_Stored data:_

--------------------------------

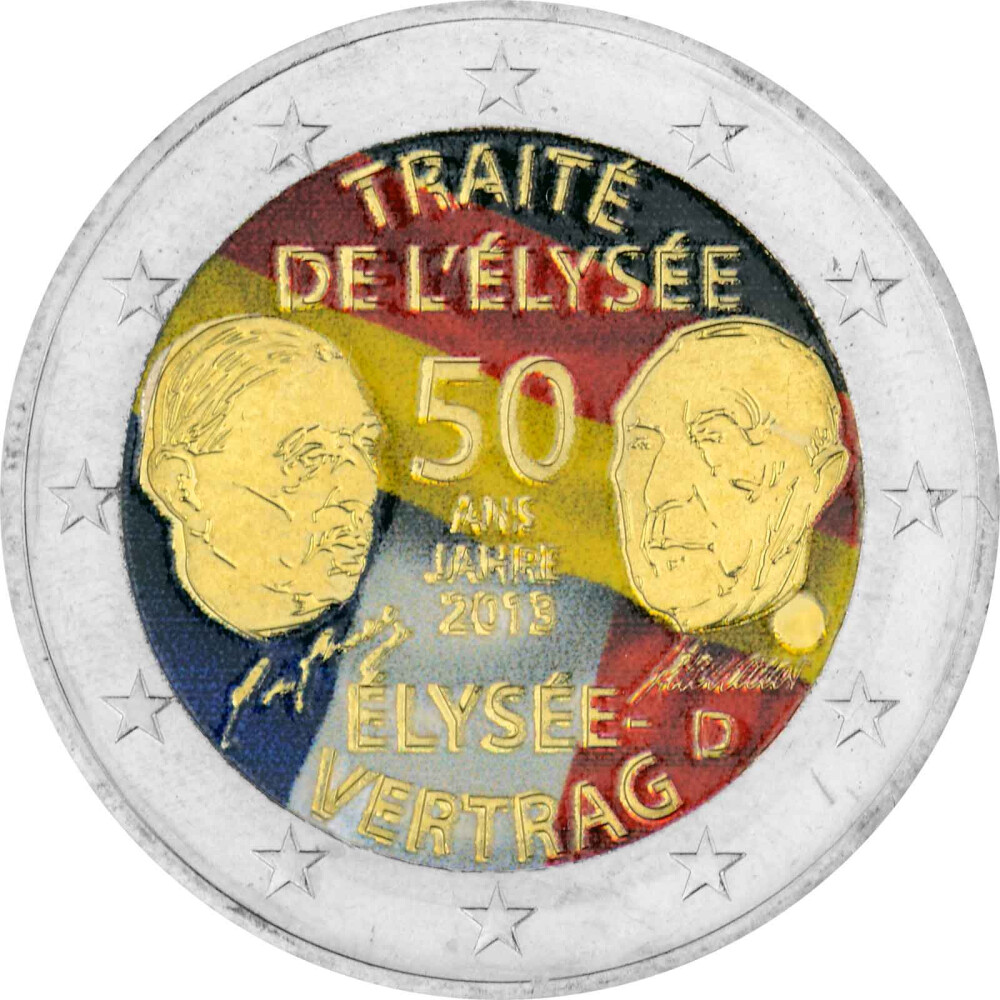 2 Euro Münze Elysee Vertrag 2013 Wert 2 Euro Gedenkmünze Deutschland 2013 bfr. - Élysée-Vertrag - coloriert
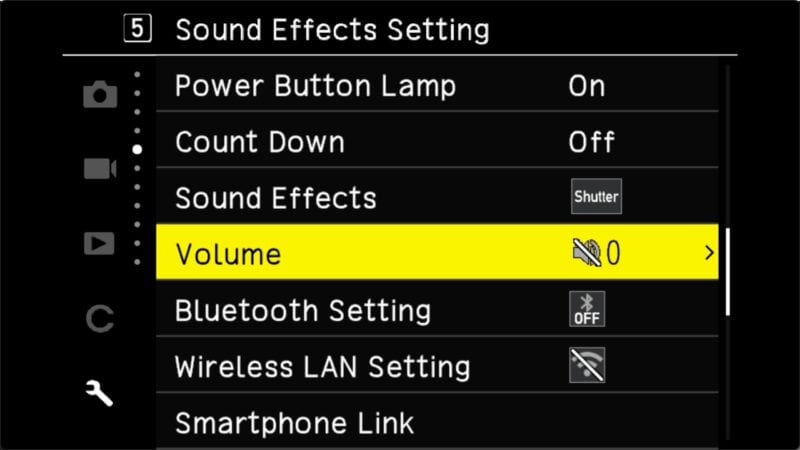 Screenshot of Ricoh GR III Menu to Show How to Make the Camera Quiet & Turn Off Sounds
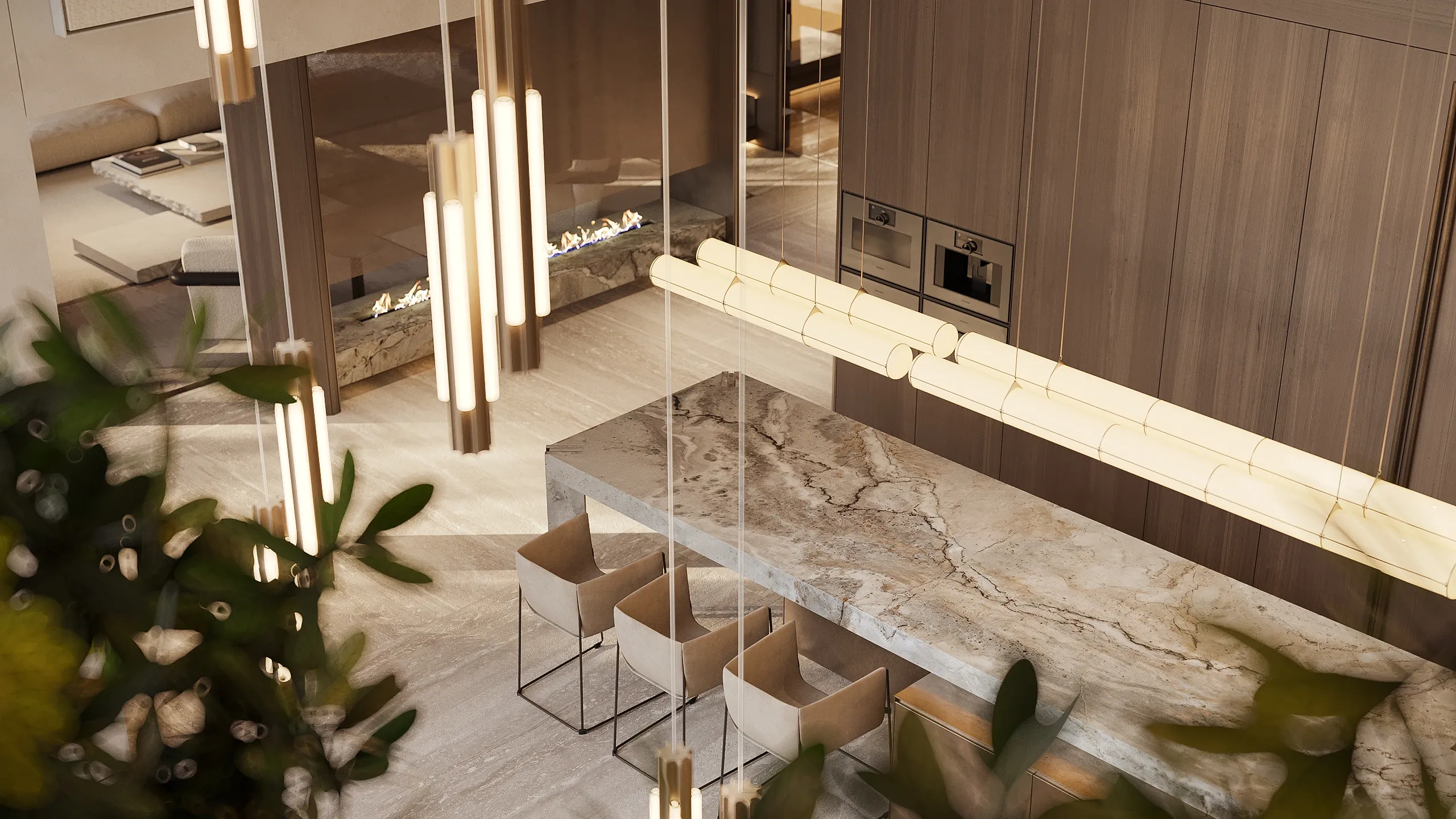 Elevated view of marble kitchen island, pendant lights and greenery, The Saucon Valley Residence, Pennsylvania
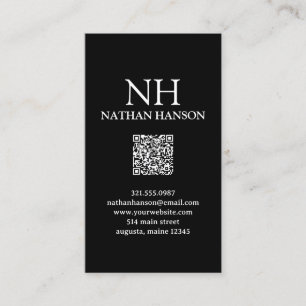 Einfache Schwarze Monogramm modern Visitenkarte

--------------------------------

Everything from the line with "Screenshot of Ricoh" through the last line above must be repeated exactly, except the pictures.

_Response:_
 Screenshot of Ricoh GR III Menu to Show How to Make the Camera Quiet & Turn Off Sounds
 Elevated view of marble kitchen island, pendant lights and greenery, The Saucon Valley Residence, Pennsylvania
 Einfache Schwarze Monogramm modern Visitenkarte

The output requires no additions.